▸ Work instruction
Images excluded, reproduce each line of the records exactly as it stands.

▸ Data records
------------------------------
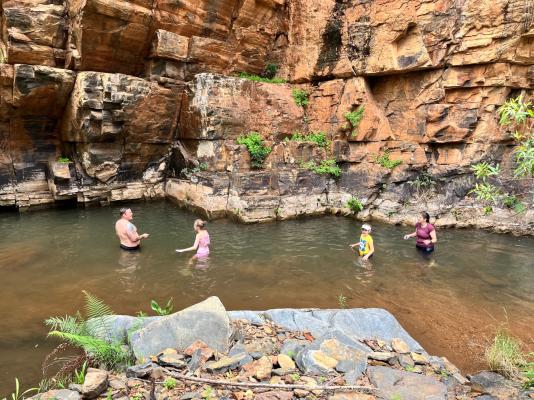 Red Cliff Lodge - 204746
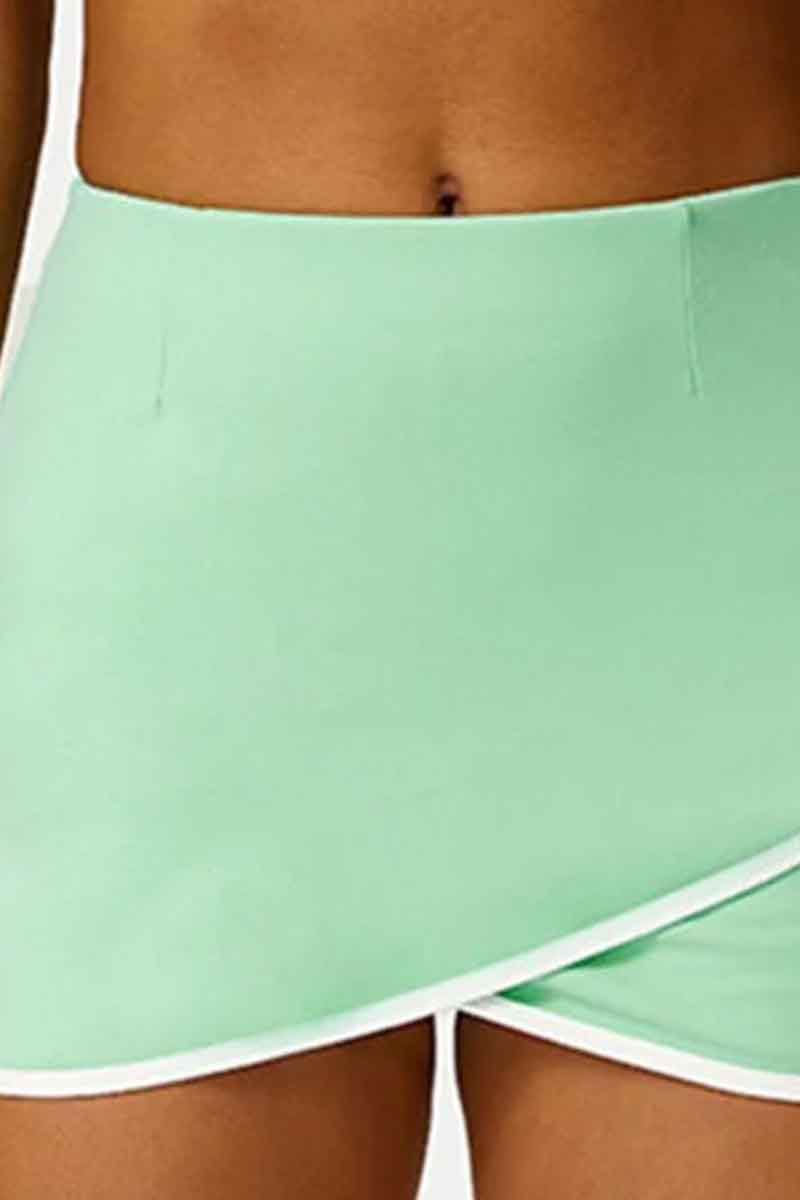 Short saia - GymPocket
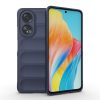 Kryty na mobil | Odolný kryt Magic Shield bledomodrý – Oppo A58 | Kryty na mobil
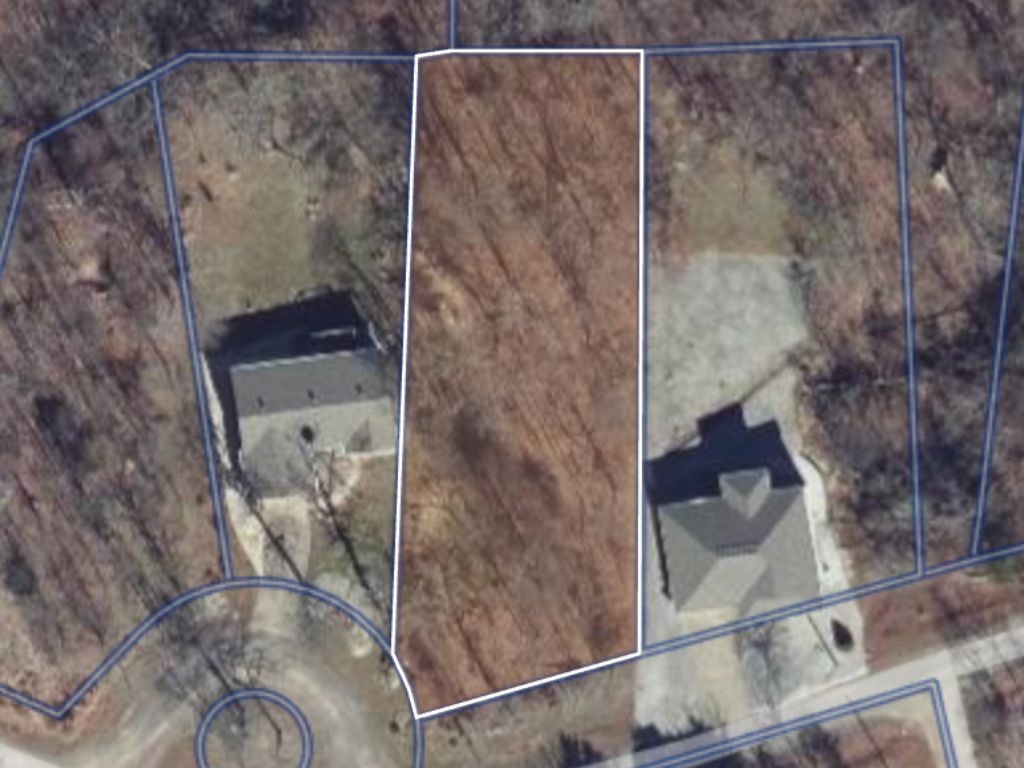 Halladale Sub Bvv - Land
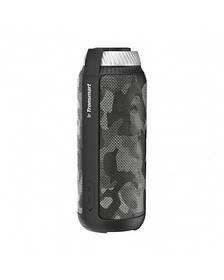 Бездротова колонка Tronsmart Element T6 Grey Camouflage НОВИНКА!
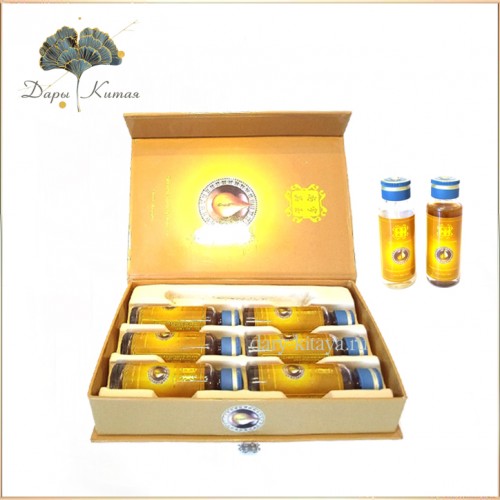 Кордицепс ЮйЮйшанпинь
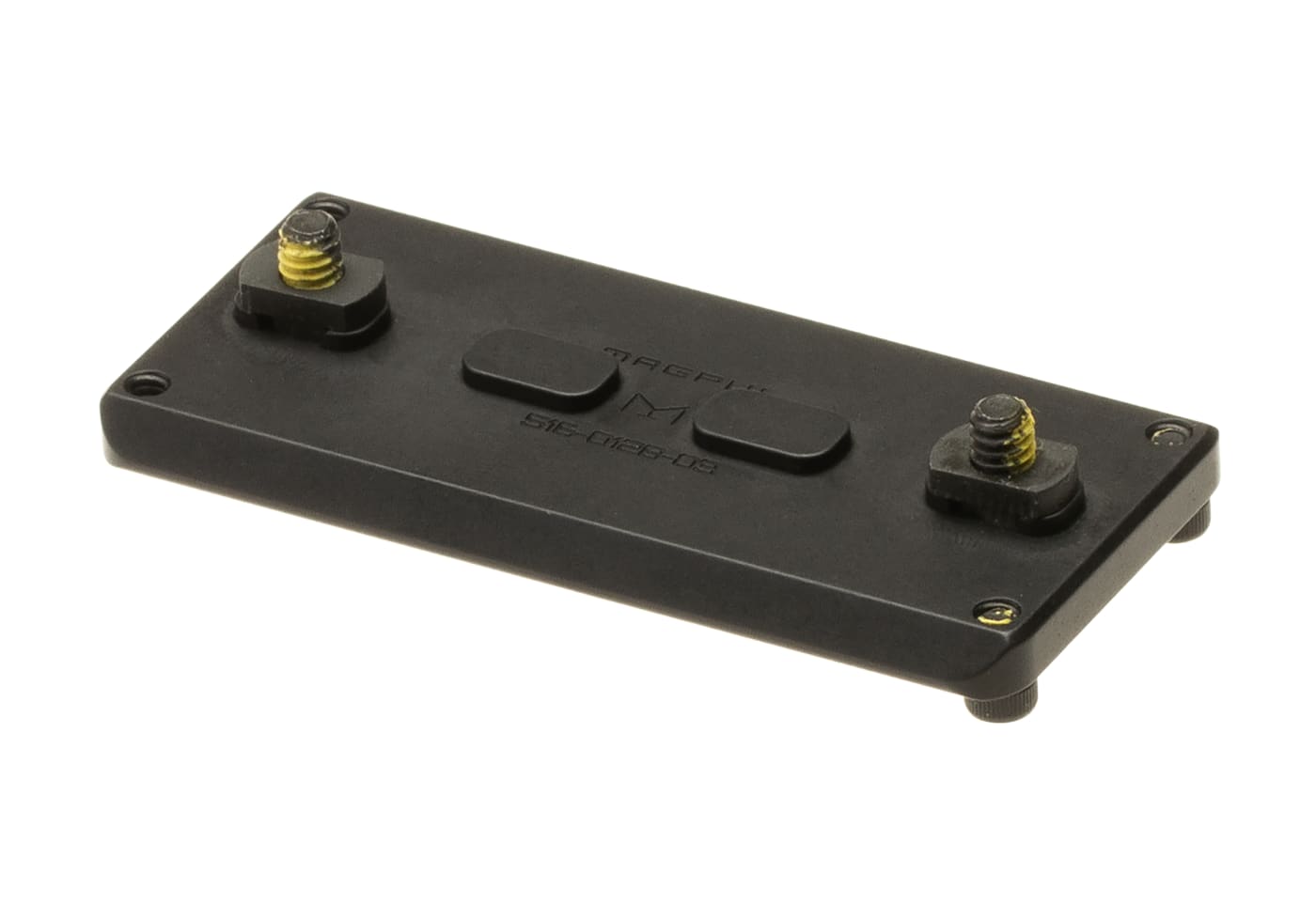Magpul M-LOK Dovetail Adapter 2 Slot for RRS/ARCA Interface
------------------------------
▸ Answer space
 Red Cliff Lodge - 204746
 Short saia - GymPocket
 Kryty na mobil | Odolný kryt Magic Shield bledomodrý – Oppo A58 | Kryty na mobil
 Halladale Sub Bvv - Land
 Бездротова колонка Tronsmart Element T6 Grey Camouflage НОВИНКА!
 Кордицепс ЮйЮйшанпинь
Magpul M-LOK Dovetail Adapter 2 Slot for RRS/ARCA Interface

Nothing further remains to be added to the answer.